**What this task involves**
Could you please return each line of the data that has the word "Building"?

[Short descriptive text snippets]
-=-=-

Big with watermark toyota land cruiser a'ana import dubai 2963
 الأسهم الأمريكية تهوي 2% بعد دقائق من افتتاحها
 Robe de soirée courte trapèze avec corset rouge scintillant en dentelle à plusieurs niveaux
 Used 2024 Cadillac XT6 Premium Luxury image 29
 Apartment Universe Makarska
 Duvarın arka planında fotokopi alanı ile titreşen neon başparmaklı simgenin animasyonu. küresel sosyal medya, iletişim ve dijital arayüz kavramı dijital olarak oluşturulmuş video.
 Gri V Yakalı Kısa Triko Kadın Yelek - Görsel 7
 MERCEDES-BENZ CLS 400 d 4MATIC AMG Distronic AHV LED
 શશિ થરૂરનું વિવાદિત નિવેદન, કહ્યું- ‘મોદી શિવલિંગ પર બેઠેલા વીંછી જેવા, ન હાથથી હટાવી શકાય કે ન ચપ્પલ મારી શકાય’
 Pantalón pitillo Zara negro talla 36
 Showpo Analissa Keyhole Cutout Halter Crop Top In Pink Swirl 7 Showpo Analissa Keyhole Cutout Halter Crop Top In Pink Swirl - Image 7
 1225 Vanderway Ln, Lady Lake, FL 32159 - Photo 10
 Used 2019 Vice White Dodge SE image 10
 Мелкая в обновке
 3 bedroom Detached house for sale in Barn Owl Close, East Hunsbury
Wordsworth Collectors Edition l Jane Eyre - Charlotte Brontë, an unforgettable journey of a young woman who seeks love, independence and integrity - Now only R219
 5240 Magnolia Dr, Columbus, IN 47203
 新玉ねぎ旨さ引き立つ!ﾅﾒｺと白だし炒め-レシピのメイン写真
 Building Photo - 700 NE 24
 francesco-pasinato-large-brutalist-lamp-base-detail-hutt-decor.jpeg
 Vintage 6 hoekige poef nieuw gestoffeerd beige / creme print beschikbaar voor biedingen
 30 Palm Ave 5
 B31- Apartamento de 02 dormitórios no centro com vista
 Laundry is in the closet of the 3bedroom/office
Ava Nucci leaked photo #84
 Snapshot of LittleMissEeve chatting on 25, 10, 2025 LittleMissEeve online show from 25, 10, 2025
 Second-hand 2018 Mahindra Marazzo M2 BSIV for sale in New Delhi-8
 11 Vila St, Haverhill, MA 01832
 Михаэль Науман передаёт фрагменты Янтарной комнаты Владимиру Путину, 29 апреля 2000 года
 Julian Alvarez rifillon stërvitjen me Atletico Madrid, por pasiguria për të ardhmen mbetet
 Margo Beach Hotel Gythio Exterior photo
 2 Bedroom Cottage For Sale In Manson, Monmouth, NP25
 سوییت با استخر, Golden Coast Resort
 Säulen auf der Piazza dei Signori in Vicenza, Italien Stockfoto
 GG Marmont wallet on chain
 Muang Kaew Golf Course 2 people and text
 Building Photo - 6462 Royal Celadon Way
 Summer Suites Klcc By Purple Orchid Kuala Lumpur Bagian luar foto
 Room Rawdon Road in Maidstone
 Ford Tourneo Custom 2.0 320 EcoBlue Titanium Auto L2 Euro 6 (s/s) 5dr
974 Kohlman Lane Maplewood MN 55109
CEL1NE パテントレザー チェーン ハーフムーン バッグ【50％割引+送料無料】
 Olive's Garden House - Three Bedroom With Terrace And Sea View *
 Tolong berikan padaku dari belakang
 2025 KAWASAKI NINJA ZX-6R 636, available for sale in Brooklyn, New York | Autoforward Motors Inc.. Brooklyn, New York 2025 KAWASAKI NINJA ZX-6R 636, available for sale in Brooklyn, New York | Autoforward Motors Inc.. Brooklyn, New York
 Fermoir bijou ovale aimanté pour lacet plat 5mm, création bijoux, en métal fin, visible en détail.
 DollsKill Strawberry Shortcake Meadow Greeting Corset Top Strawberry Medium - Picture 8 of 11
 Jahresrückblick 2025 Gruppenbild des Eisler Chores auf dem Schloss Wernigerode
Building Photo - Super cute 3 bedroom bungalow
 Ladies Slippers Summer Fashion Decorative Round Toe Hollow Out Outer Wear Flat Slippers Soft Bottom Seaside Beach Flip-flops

-=-=-

**Answer section**
 Building Photo - 700 NE 24
 Building Photo - 6462 Royal Celadon Way
Building Photo - Super cute 3 bedroom bungalow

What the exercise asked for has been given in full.